--- PROBLEM REQUIREMENTS ---
The records follow. Print, word for word, the first line through the "피자비토랩 서구점 | 11월부터 12월까지가아니라 12월초까지" line.
#####
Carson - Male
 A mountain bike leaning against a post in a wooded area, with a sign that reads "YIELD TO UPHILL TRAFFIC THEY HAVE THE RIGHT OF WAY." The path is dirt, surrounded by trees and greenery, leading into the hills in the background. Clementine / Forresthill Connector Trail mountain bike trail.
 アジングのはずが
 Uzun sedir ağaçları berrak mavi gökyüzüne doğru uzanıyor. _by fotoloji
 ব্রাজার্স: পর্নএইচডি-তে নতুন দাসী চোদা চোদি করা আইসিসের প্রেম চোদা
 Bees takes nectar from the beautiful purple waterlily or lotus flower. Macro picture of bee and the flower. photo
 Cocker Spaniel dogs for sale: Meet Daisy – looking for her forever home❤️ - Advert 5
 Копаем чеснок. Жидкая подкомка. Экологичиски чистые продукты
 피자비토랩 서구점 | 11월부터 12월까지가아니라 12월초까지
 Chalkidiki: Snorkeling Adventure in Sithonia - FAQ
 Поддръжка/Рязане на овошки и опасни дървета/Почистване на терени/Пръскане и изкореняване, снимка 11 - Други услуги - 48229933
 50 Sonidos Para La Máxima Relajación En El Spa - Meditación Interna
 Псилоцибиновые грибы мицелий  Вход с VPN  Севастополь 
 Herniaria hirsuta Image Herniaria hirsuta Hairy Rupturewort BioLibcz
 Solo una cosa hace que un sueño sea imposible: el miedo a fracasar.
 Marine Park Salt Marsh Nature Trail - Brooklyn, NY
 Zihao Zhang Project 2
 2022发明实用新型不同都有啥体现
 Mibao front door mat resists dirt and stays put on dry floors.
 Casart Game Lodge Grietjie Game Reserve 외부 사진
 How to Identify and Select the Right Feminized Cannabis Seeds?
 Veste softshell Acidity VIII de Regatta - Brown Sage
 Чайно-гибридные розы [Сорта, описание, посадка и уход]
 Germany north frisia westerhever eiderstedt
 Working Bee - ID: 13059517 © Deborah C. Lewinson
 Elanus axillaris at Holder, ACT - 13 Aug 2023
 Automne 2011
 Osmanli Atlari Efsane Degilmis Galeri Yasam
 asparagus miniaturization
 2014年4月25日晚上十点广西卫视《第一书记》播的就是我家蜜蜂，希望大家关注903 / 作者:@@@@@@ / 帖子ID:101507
#####
--- EXERCISE OUTPUT ---
Carson - Male
 A mountain bike leaning against a post in a wooded area, with a sign that reads "YIELD TO UPHILL TRAFFIC THEY HAVE THE RIGHT OF WAY." The path is dirt, surrounded by trees and greenery, leading into the hills in the background. Clementine / Forresthill Connector Trail mountain bike trail.
 アジングのはずが
 Uzun sedir ağaçları berrak mavi gökyüzüne doğru uzanıyor. _by fotoloji
 ব্রাজার্স: পর্নএইচডি-তে নতুন দাসী চোদা চোদি করা আইসিসের প্রেম চোদা
 Bees takes nectar from the beautiful purple waterlily or lotus flower. Macro picture of bee and the flower. photo
 Cocker Spaniel dogs for sale: Meet Daisy – looking for her forever home❤️ - Advert 5
 Копаем чеснок. Жидкая подкомка. Экологичиски чистые продукты
 피자비토랩 서구점 | 11월부터 12월까지가아니라 12월초까지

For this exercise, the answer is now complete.